-- Excerpted data --
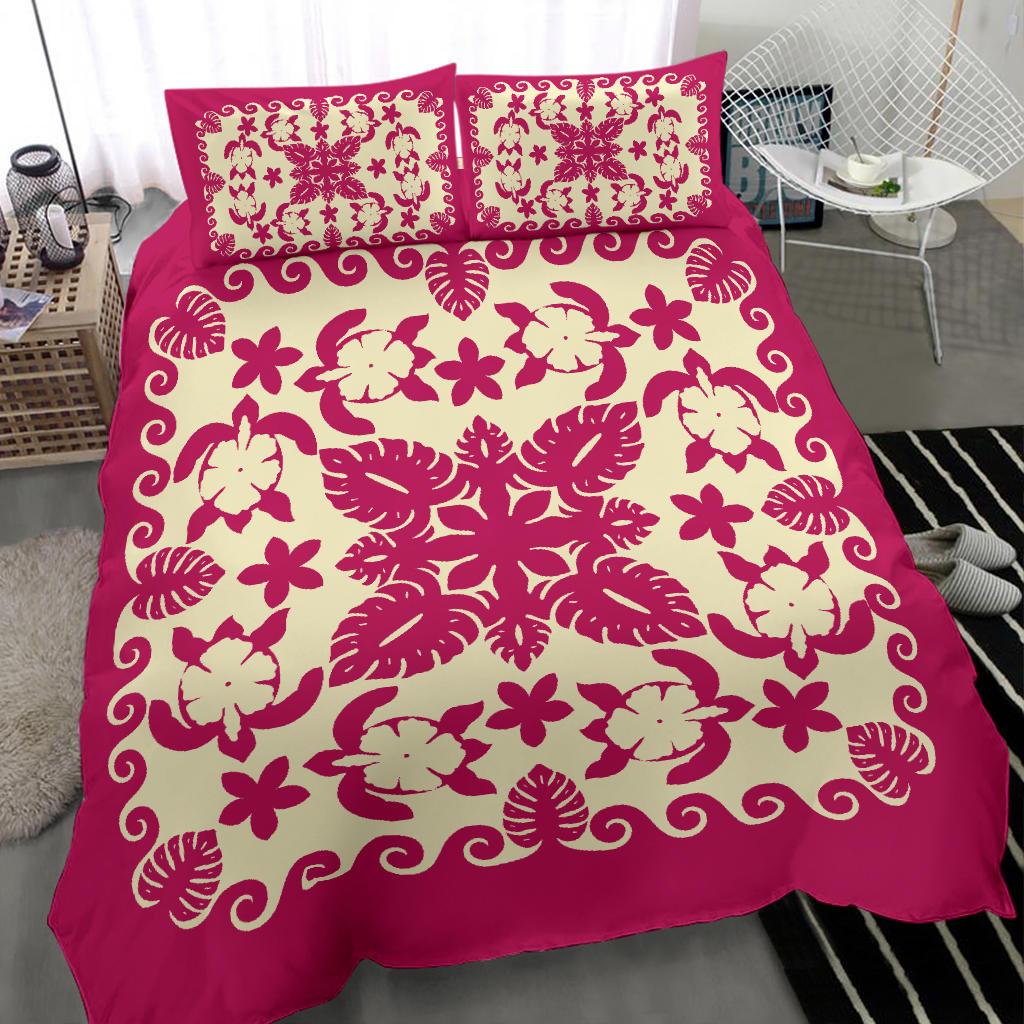 turtle-with-hibiscus-royal-pink-bedding-set
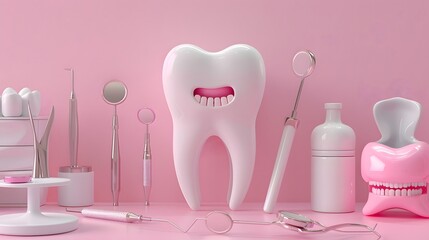 Dental Care Essentials Displayed in a Pink-Themed Setting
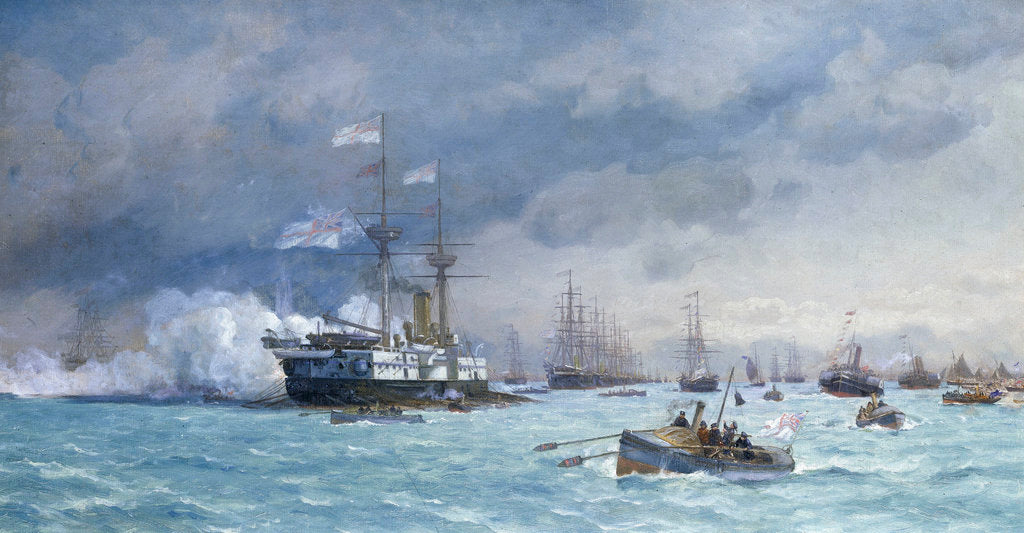 Detail of HMS 'Edinburgh' on anti-torpedo exercise by Eduardo de Martino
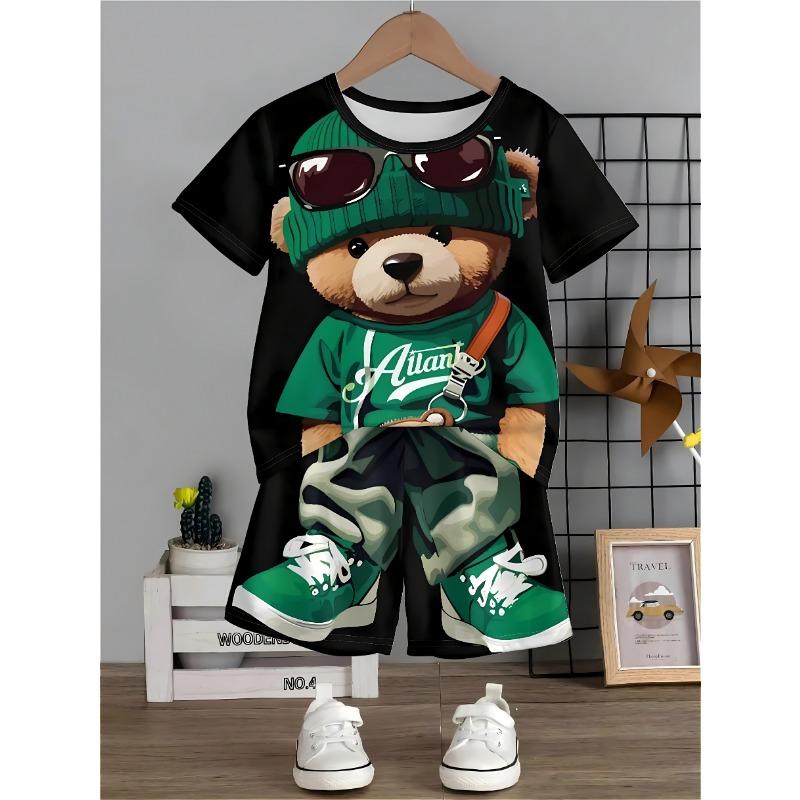 A new summer 2025 fashion 3D cute cartoon digital print casual comfortable breathable and lightweight children s set 110
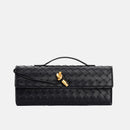 Woven Leather Clutch Top Handle Long Shoulder Bag B1893 - TUZZUT Qatar Online Shopping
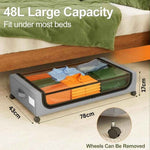 48L Under Bed Storage Fabric Containers With Metal Frame Transparent Lid & Wheels
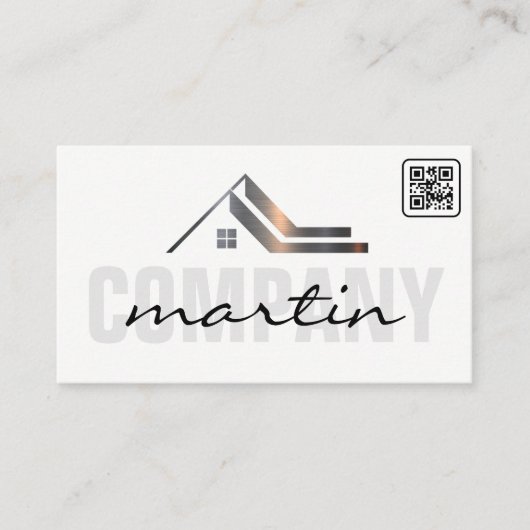 Real Estate Icon | QR-code Visitekaartje (Voorkant)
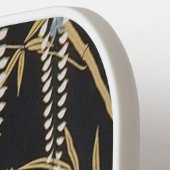 黒と金ゴールド伝統的の日本のフローラ ピックルボールラケット (左詳細)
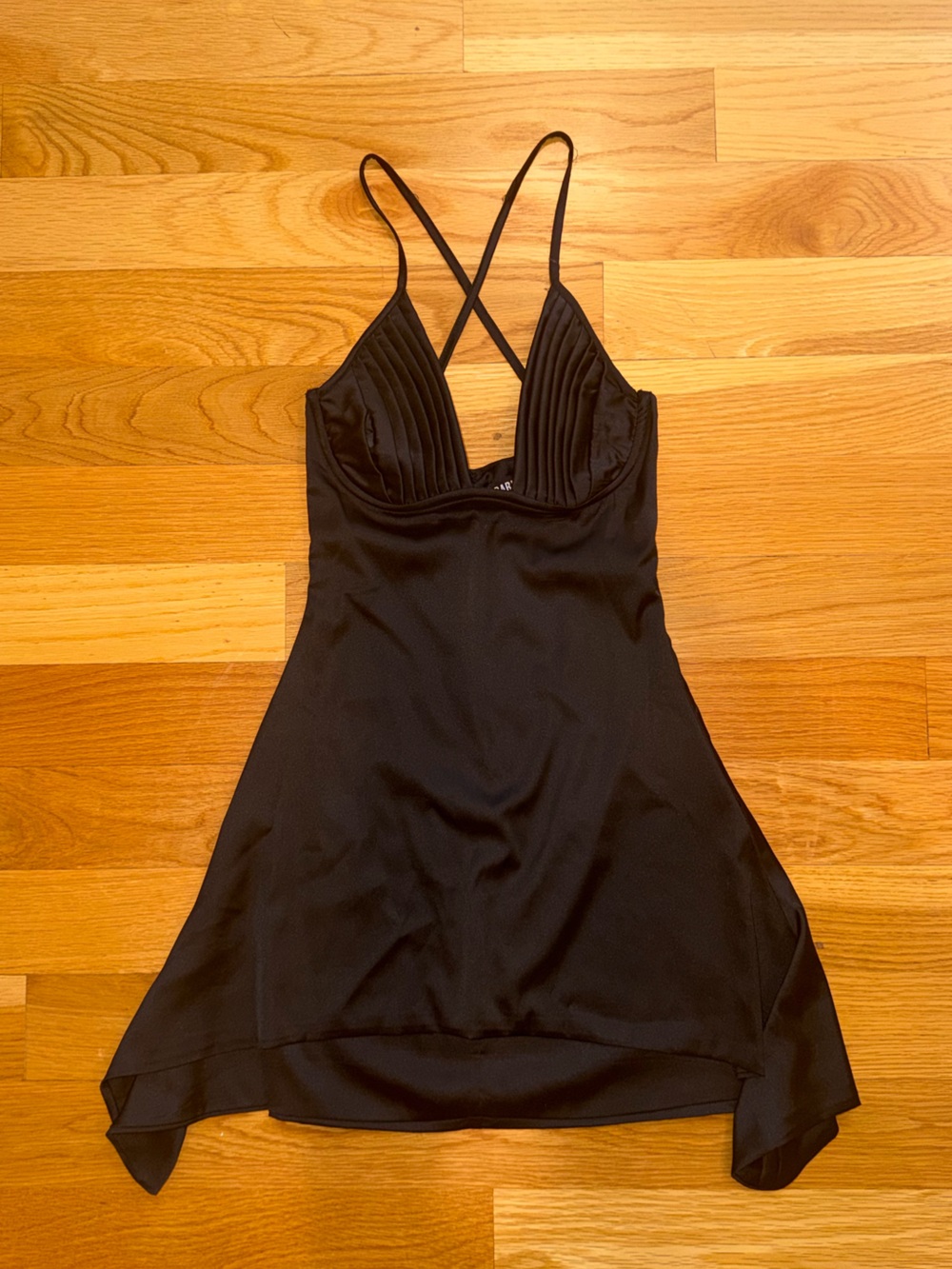 BabyBoo Black Satin Women's Mini Dress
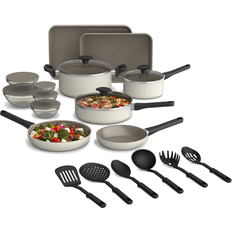 Bella 21-Piece Ceramic Nonstick Oatmilk Cookware Set with lid
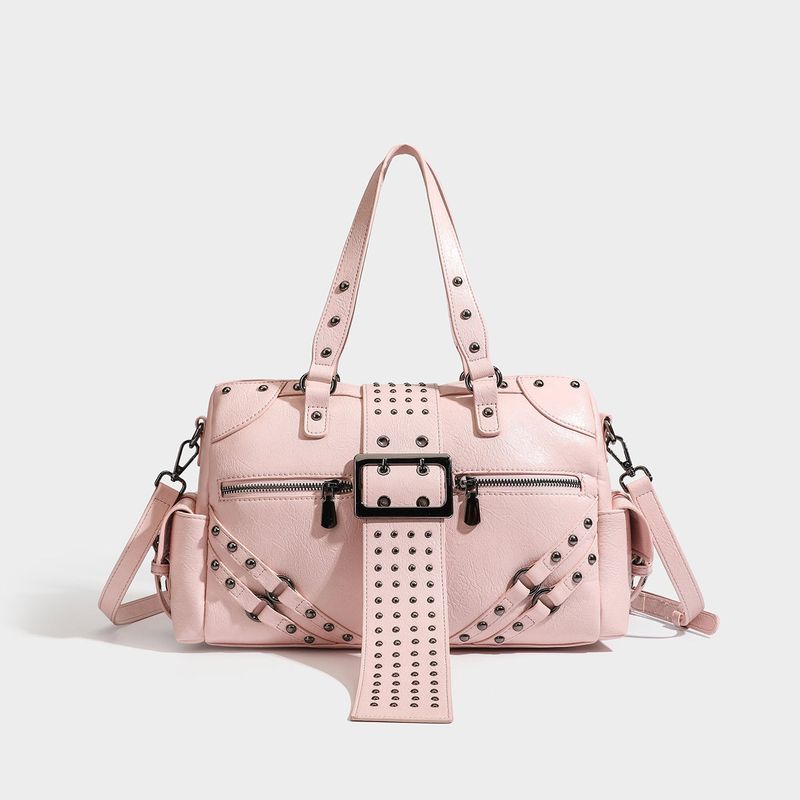 La mode MAQI（ラ モード マキ）の「ハイクオリティ スタッド バックル ボストンバッグ（バッグ）」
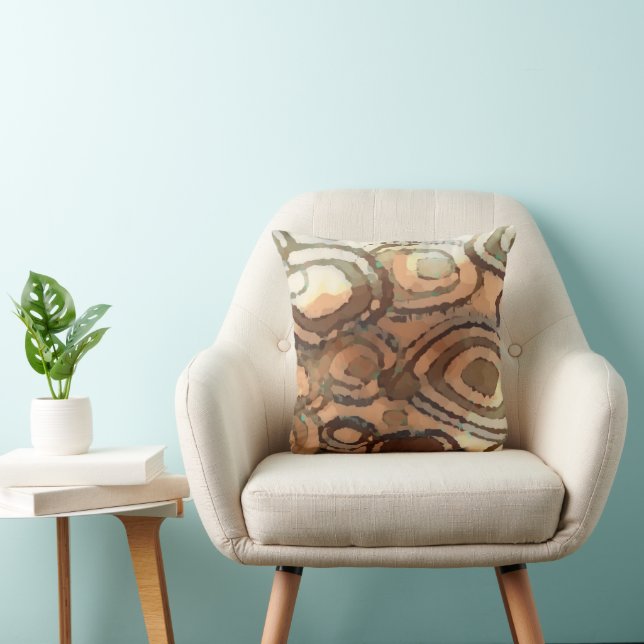 Chic Peach Brown Taupe Green Square Circle Pattern Throw Pillow (Chair)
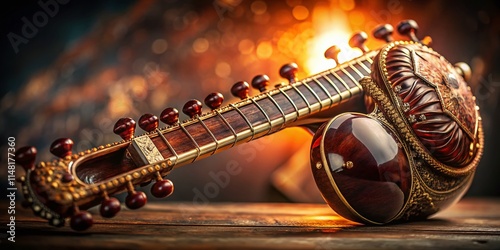 Low Light Sitar Closeup - Indian Classical Music Instrument Photography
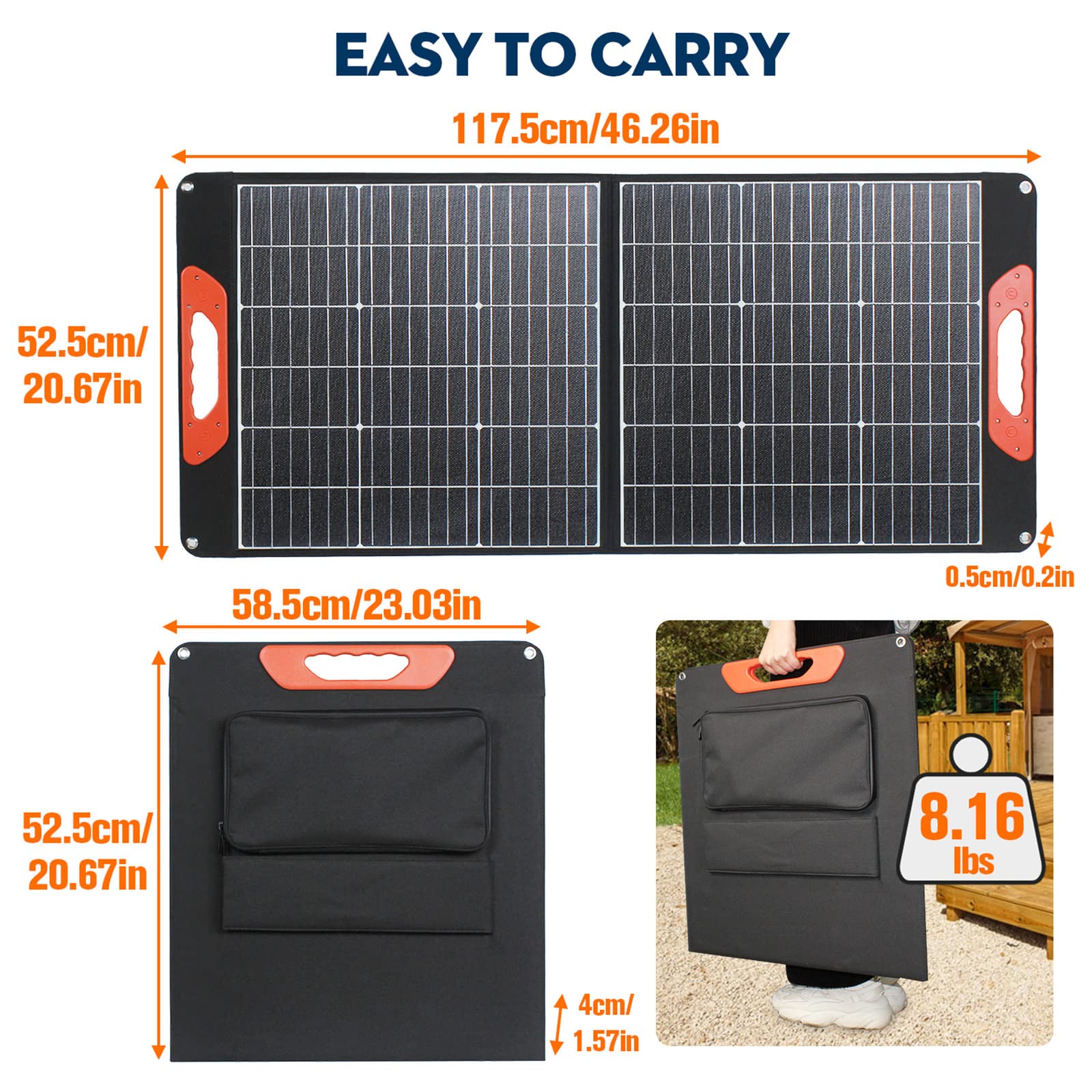 100W Portable Solar Panel Charger with DC & USB Outputs - Solar Power Kit for RV, Camping, Home & Outdoor Adventures | Perfect for Off-Grid Living, Emergency Power & Mobile Charging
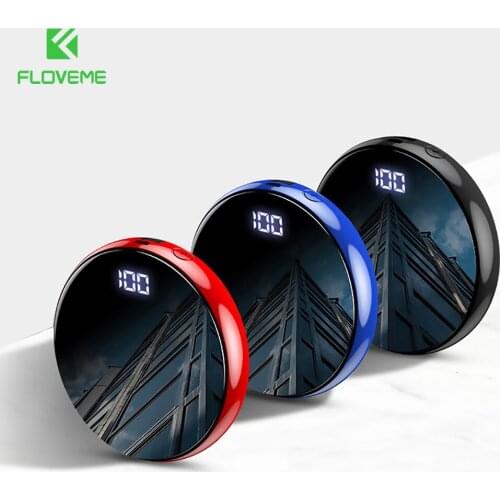 FLOVEME 10000mAh Mirror Power Bank For iPhone 7 USB Power Bank Xiaomi Huawei Carregador Portatil Bateria Externa Movil Charger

-- What you should do --
The reply must match the records exactly, apart from the pictures, which are left out.

-- Exercise output --
 turtle-with-hibiscus-royal-pink-bedding-set
 Dental Care Essentials Displayed in a Pink-Themed Setting
 Detail of HMS 'Edinburgh' on anti-torpedo exercise by Eduardo de Martino
 A new summer 2025 fashion 3D cute cartoon digital print casual comfortable breathable and lightweight children s set 110
 Woven Leather Clutch Top Handle Long Shoulder Bag B1893 - TUZZUT Qatar Online Shopping
 48L Under Bed Storage Fabric Containers With Metal Frame Transparent Lid & Wheels
 Real Estate Icon | QR-code Visitekaartje (Voorkant)
 黒と金ゴールド伝統的の日本のフローラ ピックルボールラケット (左詳細)
 BabyBoo Black Satin Women's Mini Dress
 Bella 21-Piece Ceramic Nonstick Oatmilk Cookware Set with lid
 La mode MAQI（ラ モード マキ）の「ハイクオリティ スタッド バックル ボストンバッグ（バッグ）」
 Chic Peach Brown Taupe Green Square Circle Pattern Throw Pillow (Chair)
 Low Light Sitar Closeup - Indian Classical Music Instrument Photography
 100W Portable Solar Panel Charger with DC & USB Outputs - Solar Power Kit for RV, Camping, Home & Outdoor Adventures | Perfect for Off-Grid Living, Emergency Power & Mobile Charging
 FLOVEME 10000mAh Mirror Power Bank For iPhone 7 USB Power Bank Xiaomi Huawei Carregador Portatil Bateria Externa Movil Charger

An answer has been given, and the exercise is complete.